## Goal of the exercise
With the images left out, print all of the records below exactly.

Stored data

───

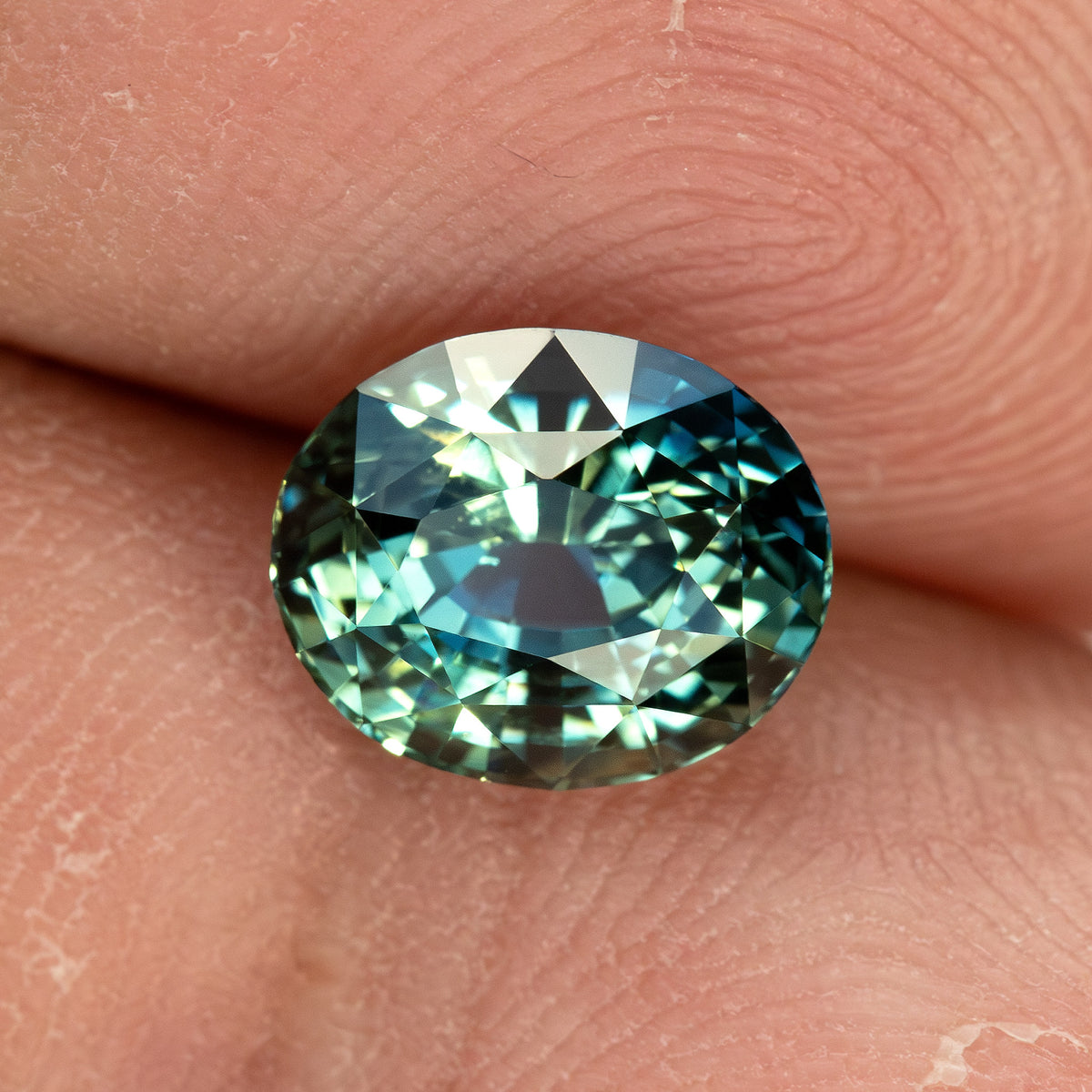 Face-up teal sapphire resting on a fingertip for scale, showing its oval proportions and blue-green reflections.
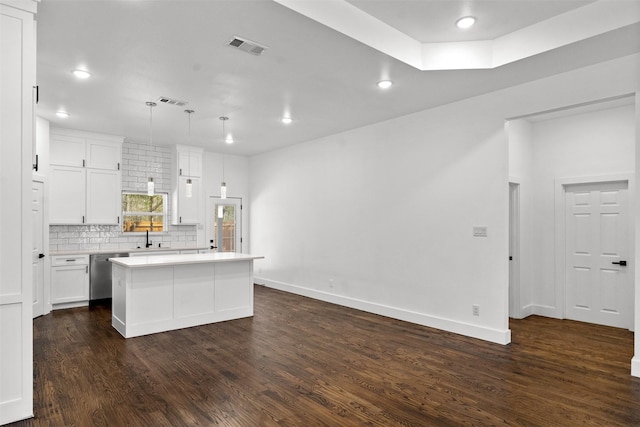 kitchen with white cabinetry, decorative light fixtures, dishwasher, and a kitchen island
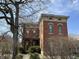 Charming brick house featuring detailed architectural trim, including corbels, dentil molding, and detailed windows at 902 N Broadway St, Indianapolis, IN 46202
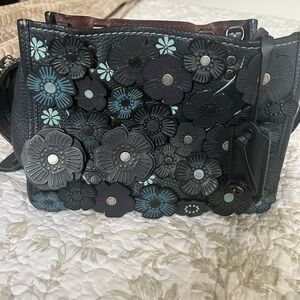 Coach tea rose rogue bag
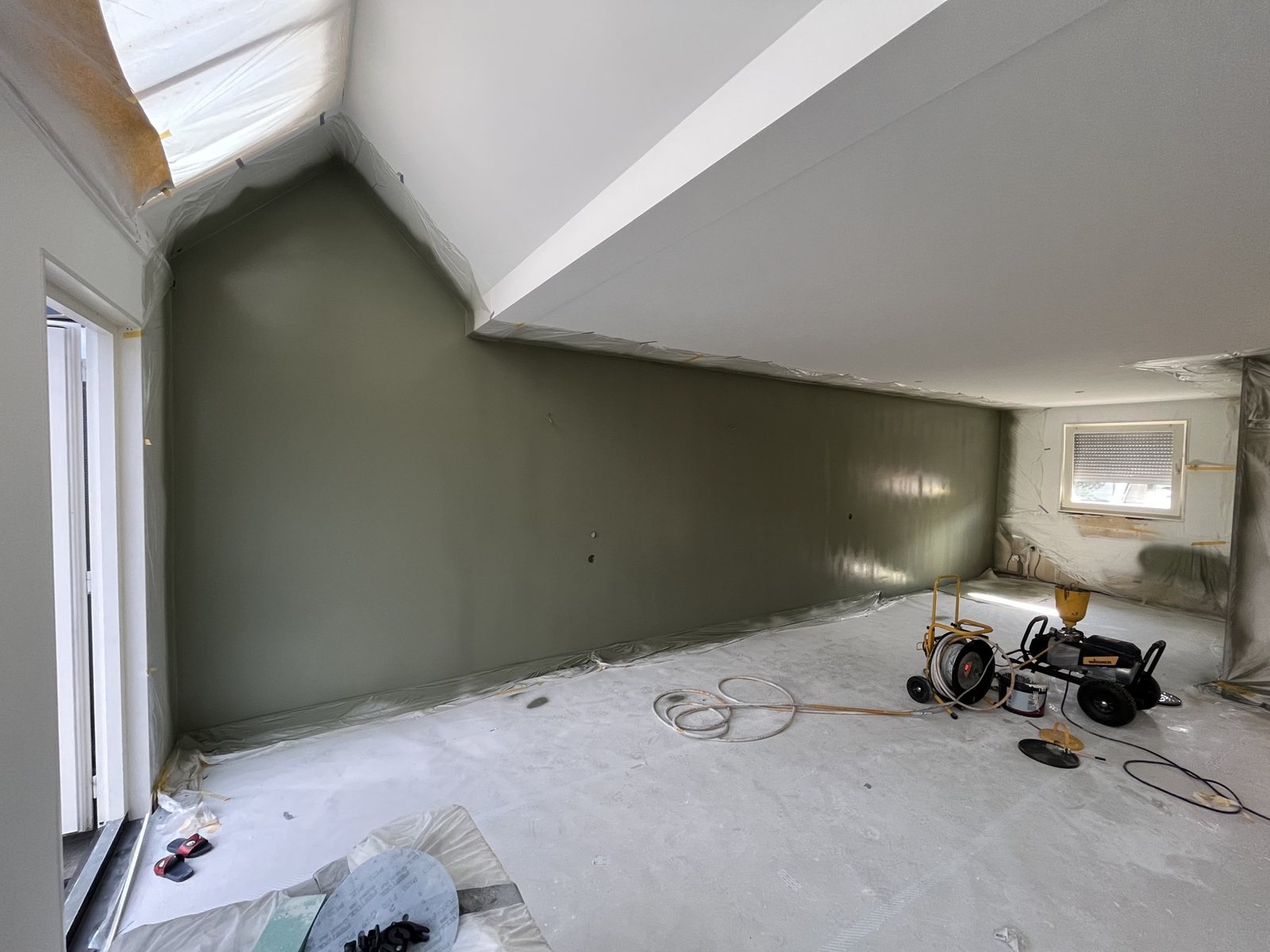 Zolderkamer met een groene wand en een strak gespoten wit plafond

───

## Solution to the exercise
 Face-up teal sapphire resting on a fingertip for scale, showing its oval proportions and blue-green reflections.
 kitchen with white cabinetry, decorative light fixtures, dishwasher, and a kitchen island
 Charming brick house featuring detailed architectural trim, including corbels, dentil molding, and detailed windows at 902 N Broadway St, Indianapolis, IN 46202
 Coach tea rose rogue bag
 Zolderkamer met een groene wand en een strak gespoten wit plafond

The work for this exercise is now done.